I'm trying to apply some performance engineering techniques to an implementation of Dijkstra's algorithm. In an attempt to find bottlenecks in the (naive and unoptimised) program, I'm using the perf
command to record the number of cache misses. The snippet of code that is relevant is the following, which finds the unvisited node with the smallest distance:
for (int i = 0; i < count; i++) {
if (!visited[i]) {
if (tmp == -1 || dist[i] < dist[tmp]) {
tmp = i;
}
}
}
For the LLC-load-misses
metric, perf report
shows the following annotation of the assembly:
│ for (int i = 0; i < count; i++) { ▒
1.19 │ ff: add $0x1,%eax ▒
0.03 │102: cmp 0x20(%rsp),%eax ▒
│ ↓ jge 135 ▒
│ if (!visited[i]) { ▒
0.07 │ movslq %eax,%rdx ▒
│ mov 0x18(%rsp),%rdi ◆
0.70 │ cmpb $0x0,(%rdi,%rdx,1) ▒
0.53 │ ↑ jne ff ▒
│ if (tmp == -1 || dist[i] < dist[tmp]) { ▒
0.07 │ cmp $0xffffffff,%r13d ▒
│ ↑ je fc ▒
0.96 │ mov 0x40(%rsp),%rcx ▒
0.08 │ movslq %r13d,%rsi ▒
│ movsd (%rcx,%rsi,8),%xmm0 ▒
0.13 │ ucomis (%rcx,%rdx,8),%xmm0 ▒
57.99 │ ↑ jbe ff ▒
│ tmp = i; ▒
│ mov %eax,%r13d ▒
│ ↑ jmp ff ▒
│ } ▒
│ } ▒
│ }
My question then is the following: why does the jbe
instruction produce so many cache misses?
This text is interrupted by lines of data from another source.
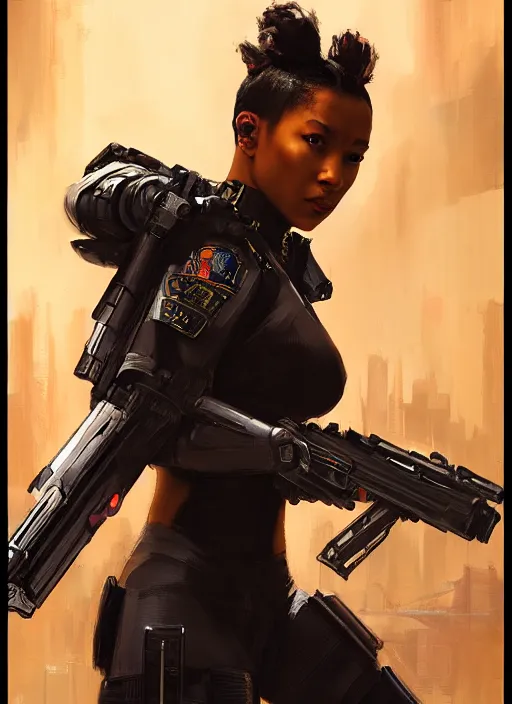 Image similar to black chun li. cyberpunk police trooper in a military vest ( blade runner 2 0 4 9, cyberpunk 2 0 7 7 ). orientalist portrait by john william waterhouse and james gurney and theodore ralli and nasreddine dinet, oil on canvas. cinematic, hyper realism, realistic proportions, dramatic lighting, high detail 4 k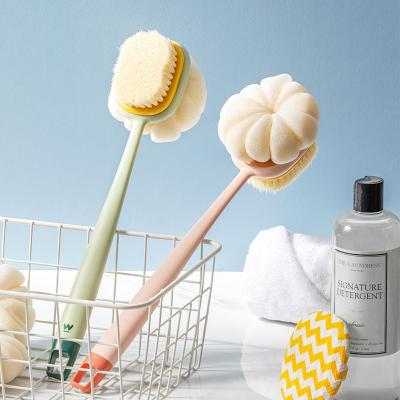 China All Natural Soft Plastic Bathroom Back Cleaner Body Shower Sponge Bath Brush With Long Handle for sale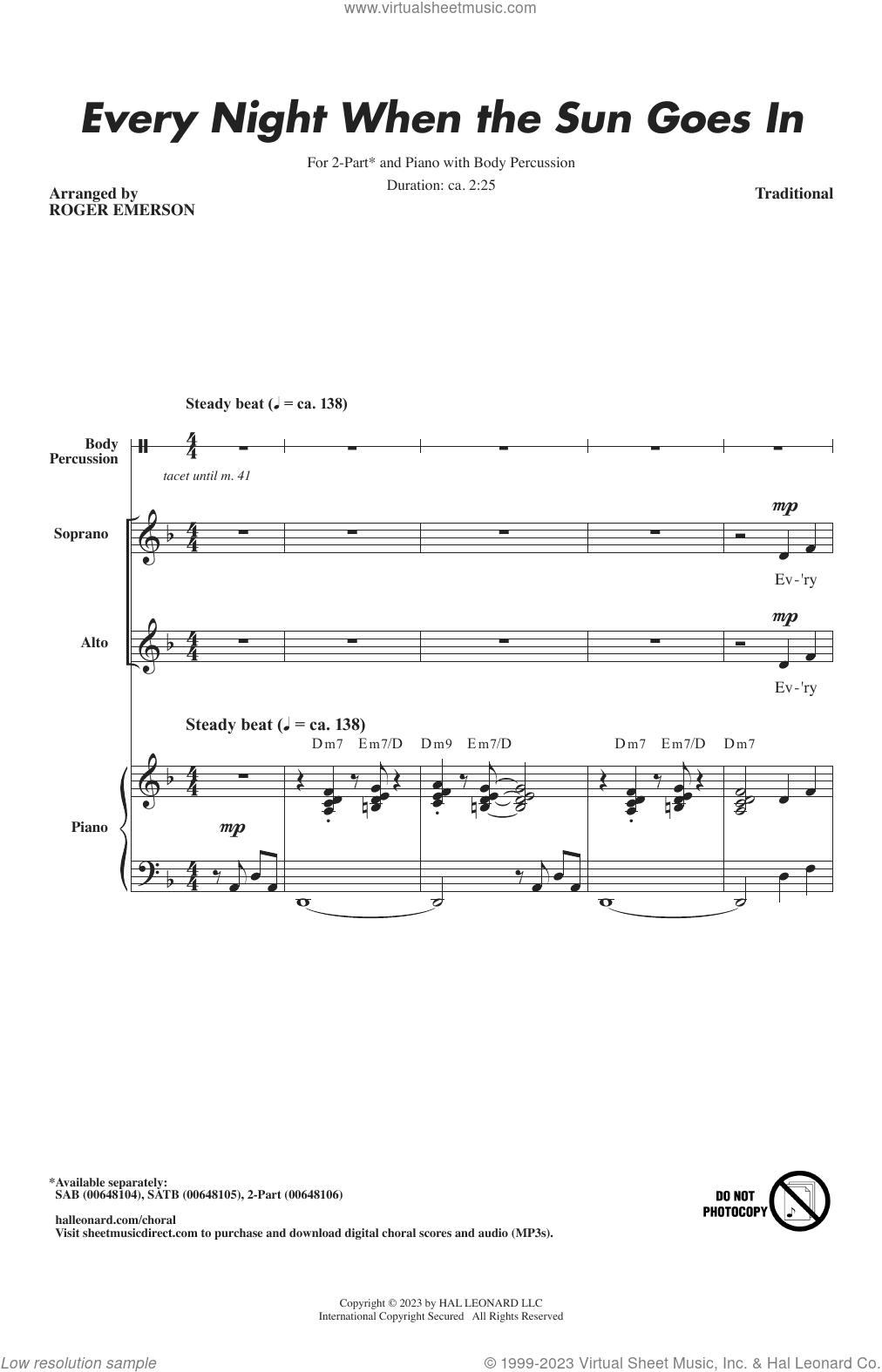 Every Night When The Sun Goes In (arr. Roger Emerson)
This instruction should not have to retrieve anything from memory at all if I am not mistaken. I figured it might have something to do with instruction cache misses, but even measuring only L1 data cache misses using L1-dcache-load-misses
shows that there are a lot of cache misses in that instruction.
This stumps me somewhat. Could anyone explain this (in my eyes) odd result? Thank you in advance.